■ **WHAT IS REQUIRED**:
Starting with the line that contains "5735 Oslo Court" and stopping after the line that contains "Ванночка Tega Мишка /86 см/ - описание", copy the entries below exactly. Include nothing else.

■ **INFORMATION GIVEN**:
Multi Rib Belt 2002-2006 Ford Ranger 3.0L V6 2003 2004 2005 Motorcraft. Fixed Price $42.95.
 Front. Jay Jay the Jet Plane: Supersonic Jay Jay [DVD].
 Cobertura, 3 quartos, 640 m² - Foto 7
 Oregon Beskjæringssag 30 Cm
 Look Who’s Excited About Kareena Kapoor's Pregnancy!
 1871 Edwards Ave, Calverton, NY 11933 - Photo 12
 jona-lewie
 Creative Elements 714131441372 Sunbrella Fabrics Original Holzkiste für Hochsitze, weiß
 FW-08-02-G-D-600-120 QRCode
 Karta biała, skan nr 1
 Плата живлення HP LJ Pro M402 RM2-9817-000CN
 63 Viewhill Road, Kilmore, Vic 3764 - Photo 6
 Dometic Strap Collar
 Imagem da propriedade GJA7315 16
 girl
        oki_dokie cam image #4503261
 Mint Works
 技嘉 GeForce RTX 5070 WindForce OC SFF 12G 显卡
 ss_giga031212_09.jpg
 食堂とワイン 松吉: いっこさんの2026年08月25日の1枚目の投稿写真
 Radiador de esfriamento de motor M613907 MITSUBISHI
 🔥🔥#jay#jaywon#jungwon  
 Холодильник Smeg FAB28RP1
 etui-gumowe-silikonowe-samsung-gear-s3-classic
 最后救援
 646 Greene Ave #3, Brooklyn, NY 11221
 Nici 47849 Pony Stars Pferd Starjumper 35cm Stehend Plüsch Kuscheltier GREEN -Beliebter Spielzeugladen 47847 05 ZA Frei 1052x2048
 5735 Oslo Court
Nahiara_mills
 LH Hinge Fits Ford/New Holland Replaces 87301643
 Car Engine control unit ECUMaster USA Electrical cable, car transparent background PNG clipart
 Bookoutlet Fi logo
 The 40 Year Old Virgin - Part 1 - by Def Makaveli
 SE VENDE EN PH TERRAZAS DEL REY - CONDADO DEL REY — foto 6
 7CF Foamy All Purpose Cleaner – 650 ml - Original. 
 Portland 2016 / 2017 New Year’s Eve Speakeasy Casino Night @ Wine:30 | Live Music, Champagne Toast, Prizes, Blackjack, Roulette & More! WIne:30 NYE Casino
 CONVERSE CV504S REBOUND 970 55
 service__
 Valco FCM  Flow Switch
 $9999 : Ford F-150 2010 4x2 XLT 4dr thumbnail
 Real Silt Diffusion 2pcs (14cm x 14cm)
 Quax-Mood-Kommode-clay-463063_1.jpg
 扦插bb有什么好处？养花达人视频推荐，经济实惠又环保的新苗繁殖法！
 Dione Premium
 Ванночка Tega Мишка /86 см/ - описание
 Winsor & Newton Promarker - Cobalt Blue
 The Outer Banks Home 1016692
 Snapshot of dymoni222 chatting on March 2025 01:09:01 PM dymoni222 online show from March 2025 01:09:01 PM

■ **ANSWER SPACE**:
 5735 Oslo Court
Nahiara_mills
 LH Hinge Fits Ford/New Holland Replaces 87301643
 Car Engine control unit ECUMaster USA Electrical cable, car transparent background PNG clipart
 Bookoutlet Fi logo
 The 40 Year Old Virgin - Part 1 - by Def Makaveli
 SE VENDE EN PH TERRAZAS DEL REY - CONDADO DEL REY — foto 6
 7CF Foamy All Purpose Cleaner – 650 ml - Original. 
 Portland 2016 / 2017 New Year’s Eve Speakeasy Casino Night @ Wine:30 | Live Music, Champagne Toast, Prizes, Blackjack, Roulette & More! WIne:30 NYE Casino
 CONVERSE CV504S REBOUND 970 55
 service__
 Valco FCM  Flow Switch
 $9999 : Ford F-150 2010 4x2 XLT 4dr thumbnail
 Real Silt Diffusion 2pcs (14cm x 14cm)
 Quax-Mood-Kommode-clay-463063_1.jpg
 扦插bb有什么好处？养花达人视频推荐，经济实惠又环保的新苗繁殖法！
 Dione Premium
 Ванночка Tega Мишка /86 см/ - описание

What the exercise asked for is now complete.